Morens, who worked under Fauci from 1998 to 2022, produced more than 30,000 pages of emails and other documents to the subcommittee in response to subpoenas and has been interviewed twice by panel members.

“The evidence presented throughout this memorandum establishes that Dr. Morens likely provided false testimony to the Select Subcommittee,” the majority staff memo concludes.

The NIH did not immediately respond to a request for comment.

When asked after the hearing whether Morens opened himself to criminal prosecution based on his false statements, Wenstrup told reporters: “Yes.”

Dr. Richard Ebright, a molecular biologist at Rutgers University, agreed Morens should be referred for prosecution based on his “conspiracy to defraud, obstruction of investigation, misuse of federal resources, and perjury.”

“More important, the series of email messages read by Reps. Debbie Lesko and Rich McCormick [R-Ga.] strongly suggest that Morens committed these crimes on behalf of, and with the knowledge, approval, and participation of, his supervisor, former NIAID Director Fauci,” Ebright added.

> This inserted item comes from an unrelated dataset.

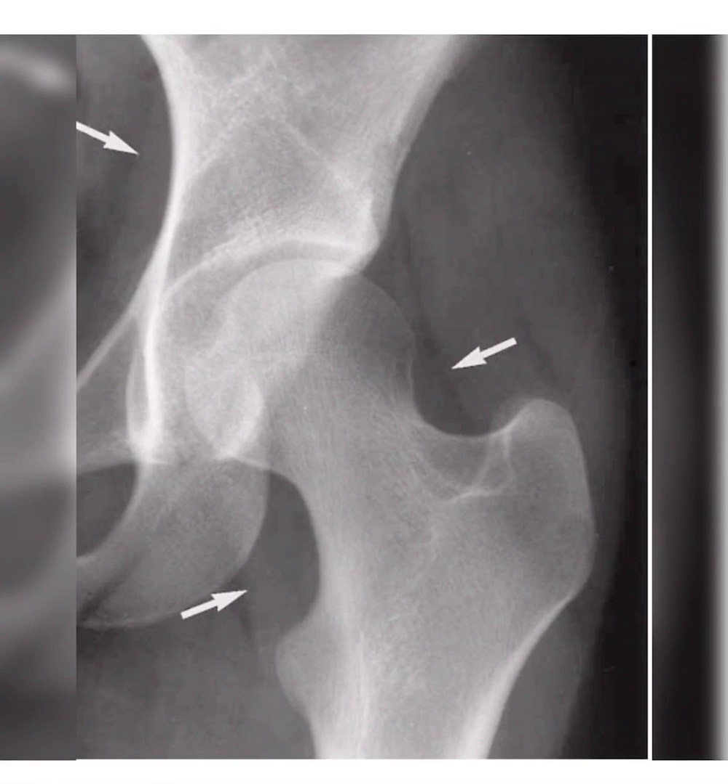As we see here in this AP left hip X-ray, we see the fat pads around the left hip. Here, this is the obturator fat pad, and here the iliopsoas fat pad, and here the gluteal fat pad.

“Like many of my colleagues, I owe my career to NIH-funded research, and I believe we owe the public much more than an apology if we hope to maintain support for publicly funded science—the public deserves accountability,” said Dr. Bryce Nickels, a professor of genetics at Rutgers and co-founder of the nonprofit Biosafety Now.

“The NIH is supposed to be a trusted part of our nation’s healthcare system and economy. Morens’ conduct is wholly inconsistent with the NIH’s core mission and underscores the importance of appointing leaders who act in the public interest—the exact opposite of what we have had under [former NIH Director Francis] Collins and Fauci.”